Especialistas discutem a relação entre os fenômenos climáticos extremos e o aumento nos índices das DTNs. Segundo Carlos Costa, o aquecimento global influencia o ciclo de vida dos vetores transmissores das doenças, que podem se adaptar a novas condições ambientais e se expandir para novos territórios. Além disso, as mudanças de temperatura exercem influência no desenvolvimento e na sobrevivência dos animais, fator crucial para a propagação de vetores das DTNs.
A dengue é apenas um exemplo dessa movimentação. Trata-se de uma doença que vem se expandindo desde o século XVI e atualmente é endêmica em mais de 100 países, com surtos explosivos de casos cada vez mais frequentes devido ao aumento da duração das estações de transmissão dos mosquitos Aedes aegypti.
Mais aquecimento, mais vulnerabilidade
Diante das mudanças climáticas e do aumento das DTNs, as populações mais pobres e marginalizadas estão particularmente vulneráveis a essas doenças. A falta de infraestrutura, moradias inadequadas e acesso precário a saneamento básico aumentam o risco de infecção pelo grupo de enfermidades que afetam as regiões tropicais, o que inclui também doenças como a hanseníase. É o que destaca Alexandre Menezes, epidemiologista e diretor executivo da Fundação NHR Brasil.
"As pessoas que vivem em moradias precárias e comunidades periféricas enfrentam uma exposição maior a situações como alagamentos e desmoronamentos de terra.

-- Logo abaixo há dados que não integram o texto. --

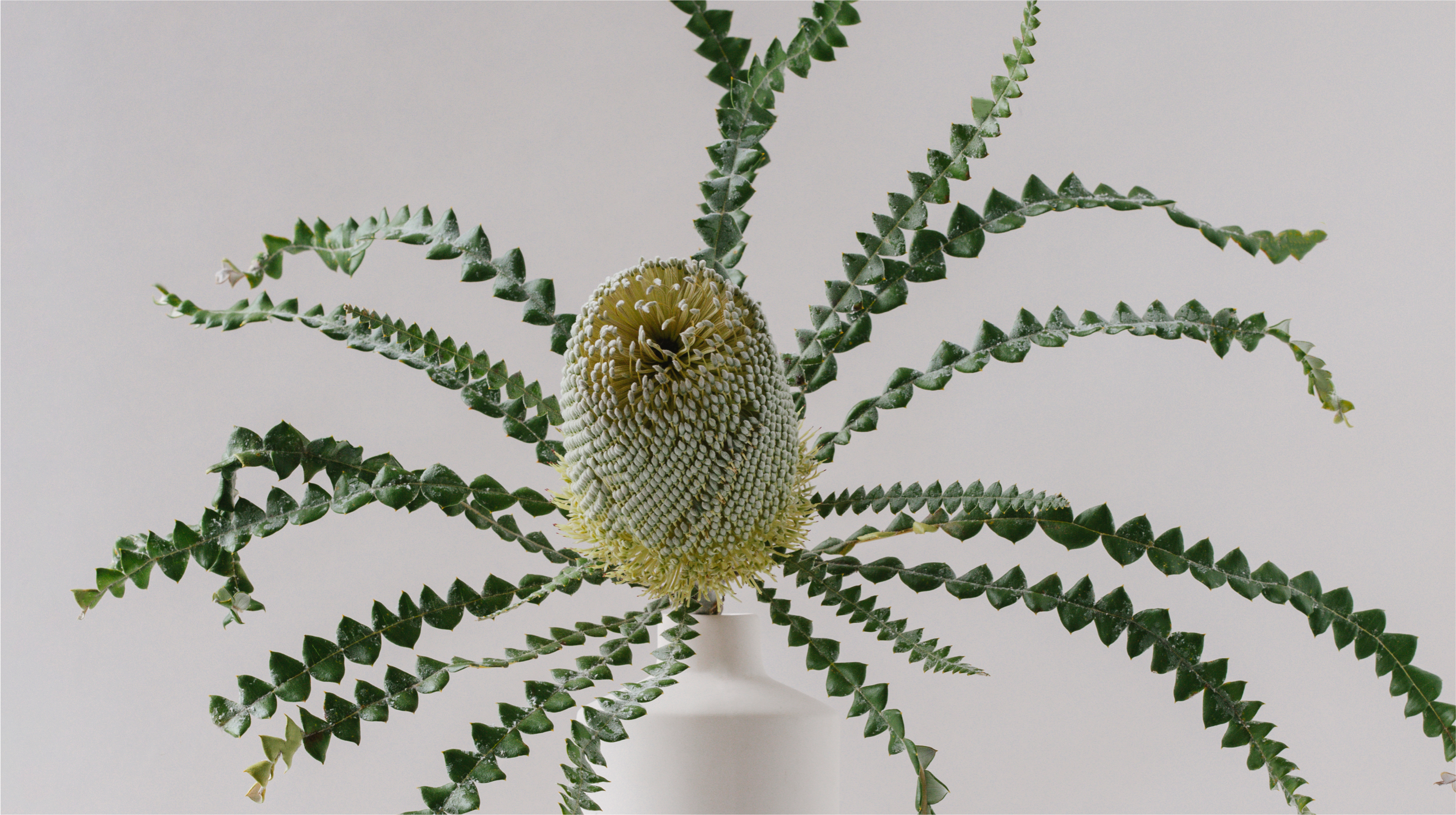 banksia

Isso as coloca em maior risco de contágio de doenças, agravando as condições de saúde e vida dessas comunidades. Desta forma, os eventos climáticos extremos não apenas favorecem a disseminação de doenças, mas também podem resultar em acidentes fatais e consequências de saúde a longo prazo", pontua Alexandre.
Contenção de Danos
Para Carlos Costa, o fortalecimento da Atenção Primária à Saúde é uma das principais estratégias para o enfrentamento às DTNs. “É preciso que se dê uma racionalidade institucional para o benefício do usuário e não da meta de serviço”, diz ele, atentando para uma realidade dos sistemas de saúde que ainda necessita ser mais voltada para o interesse da população como um todo.

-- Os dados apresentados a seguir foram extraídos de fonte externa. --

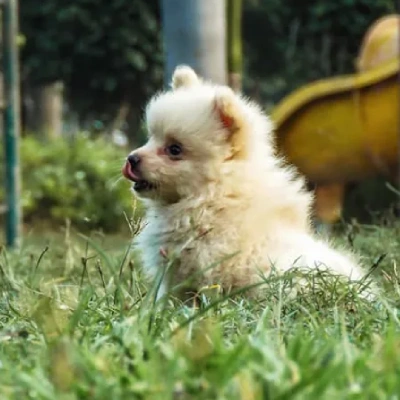 Toy Pom puppies for sale in Vijayawada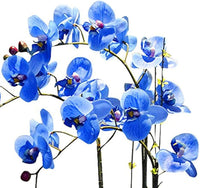 Futaba Blue Butterfly Orchid Flower Seeds for Planting - NON GMO Seeds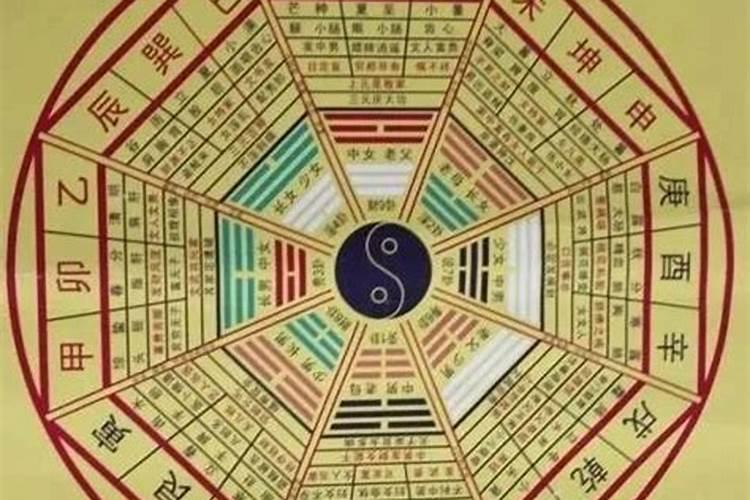 卧室窗台放什么花最好风水 卧室植物禁忌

“Por mais que ativistas venham alertando fortemente as autoridades no mundo todo sobre a necessidade urgente para medidas mais efetivas de redução da emissão de gases que provocam o aquecimento global, efetivamente, pouco tem sido feito para mudar esse cenário”, avalia Alexandre Menezes. Segundo ele, é esperado que haja intervenções mais efetivas para interromper esse cenário, o que depende de acordos entre governos e ajustes no modo de produção e exploração dos recursos naturais.

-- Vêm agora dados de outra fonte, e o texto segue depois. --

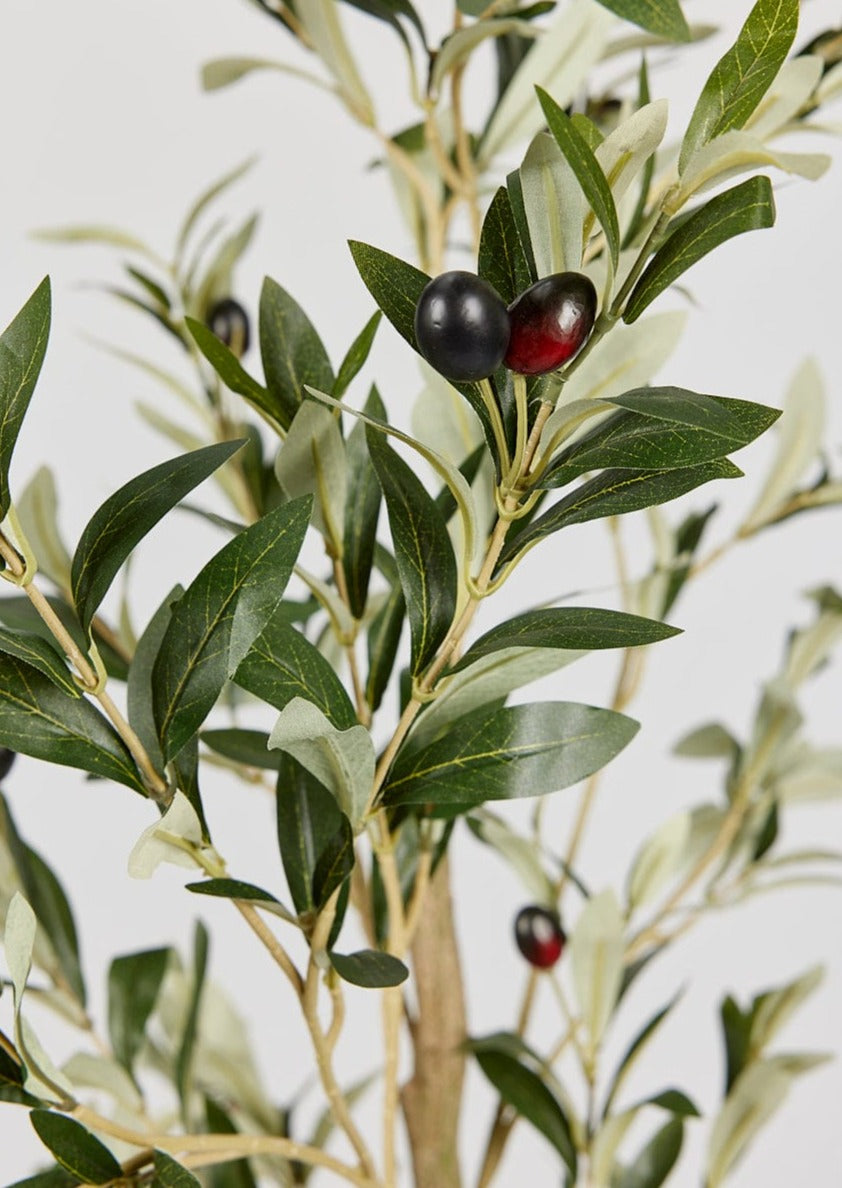 Faux Olive Tree in Pot at afloral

“A nível local, as autoridades devem garantir melhorias nas políticas sociais, como políticas habitacionais e maiores investimentos na área da educação”, evidencia Alexandre. Considerando a ameaça crescente das doenças tropicais negligenciadas e o agravamento dos efeitos das mudanças climáticas, é crucial que medidas efetivas sejam tomadas para proteger as populações mais vulneráveis. Nesse sentido, Alexandre, assim como Carlos Costa, destaca o fortalecimento da Vigilância Epidemiológica como estratégia para reduzir o risco de contágio dessas doenças entre as populações em vulnerabilidade social.